■ **STORED DATA**:

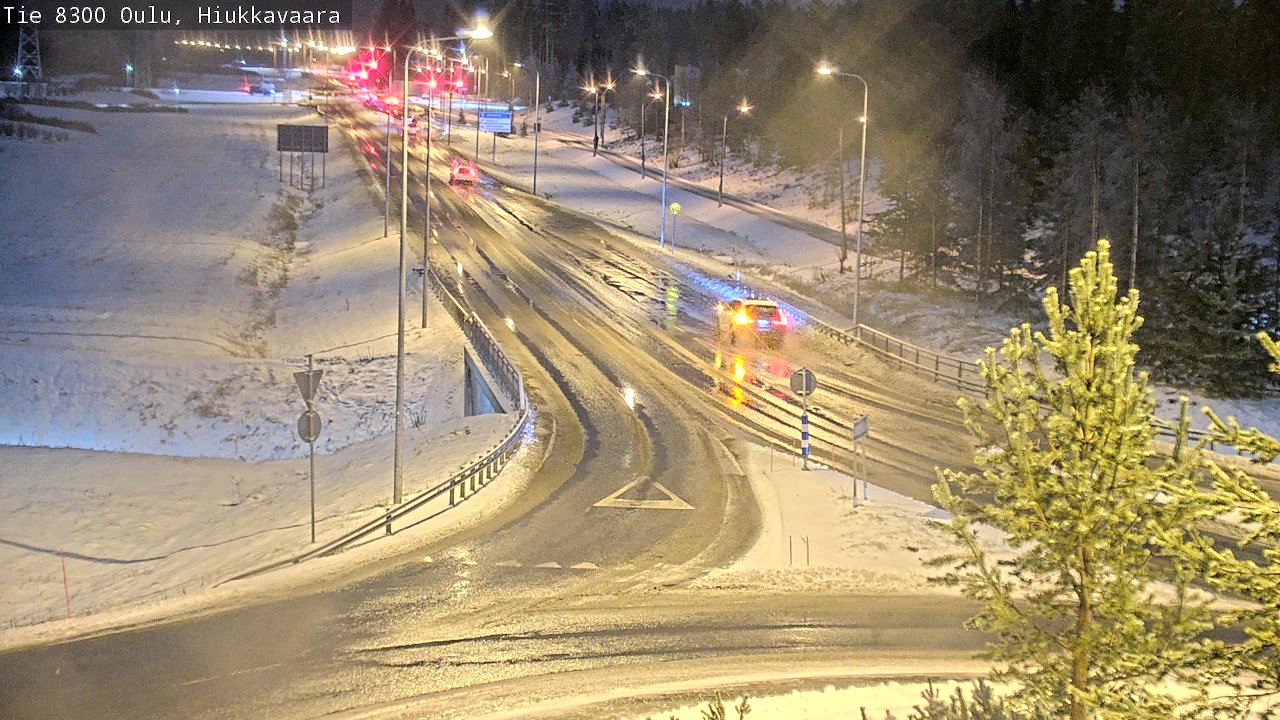 Weather Camera Image väg 8300 Oulu Hiukkavaara, Oulu, Pohjois-Pohjanmaa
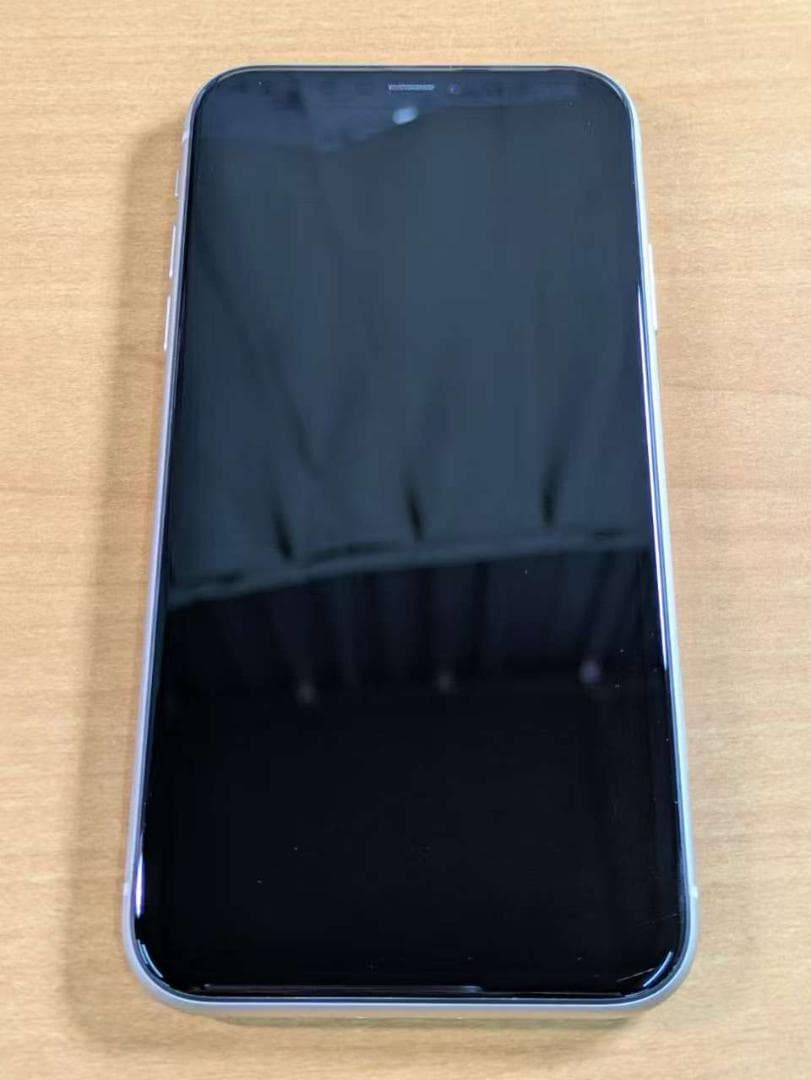 スマートフォン本体 010700F iPhone 11 A2221 64GB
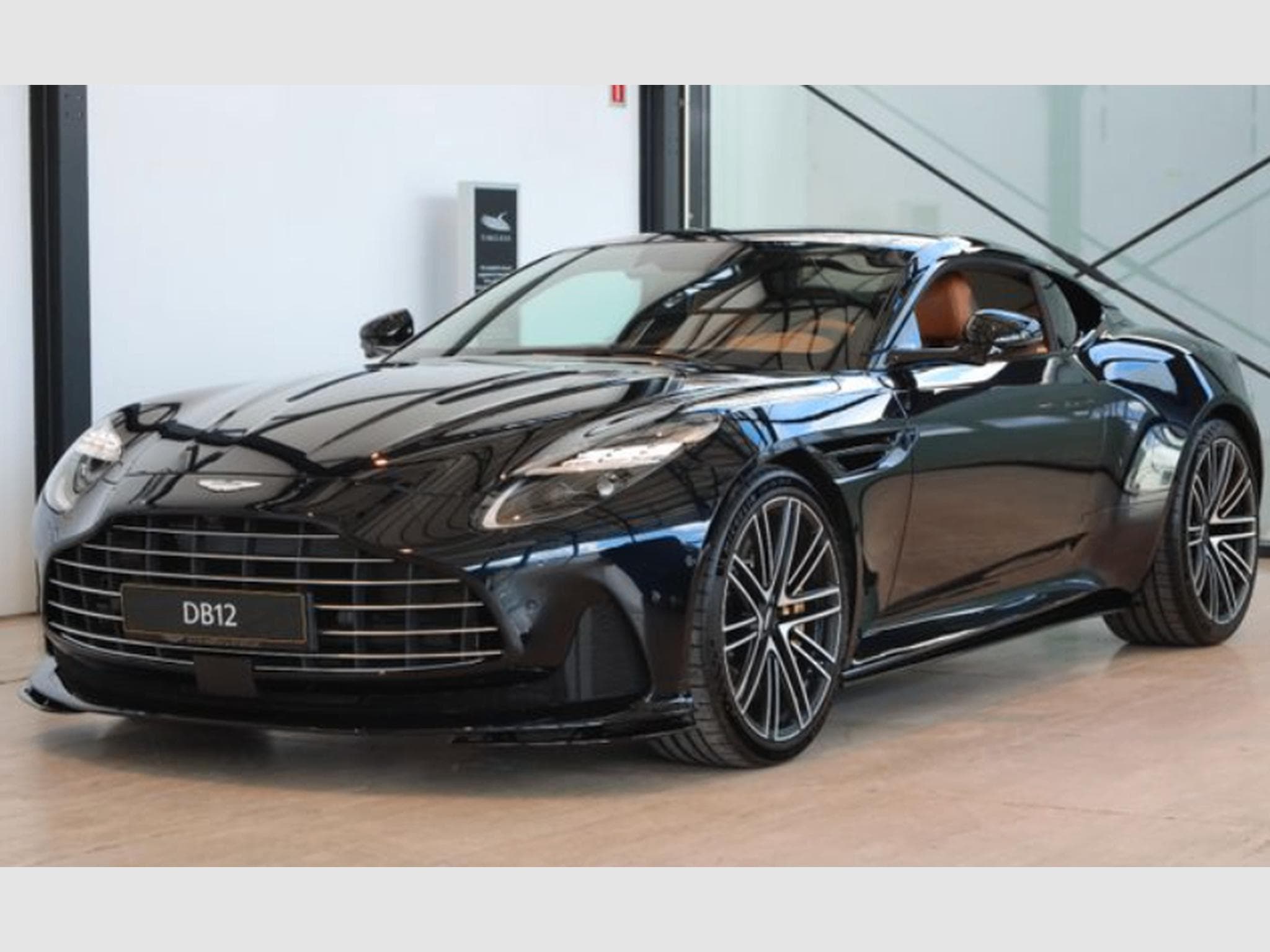 Aston-Martin DB12 4.0l V8 680cv (2025) - Photo 1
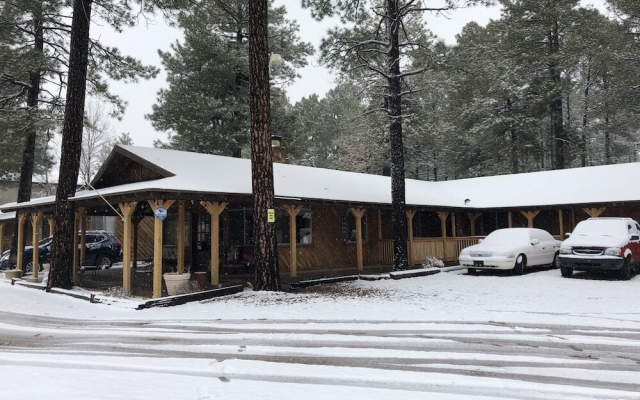 Antlers Inn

■ **WHAT TO PRODUCE**:
What you hand back should match the listing exactly, except that no pictures appear.

■ **RESULT**:
 Weather Camera Image väg 8300 Oulu Hiukkavaara, Oulu, Pohjois-Pohjanmaa
 スマートフォン本体 010700F iPhone 11 A2221 64GB
 Aston-Martin DB12 4.0l V8 680cv (2025) - Photo 1
 Antlers Inn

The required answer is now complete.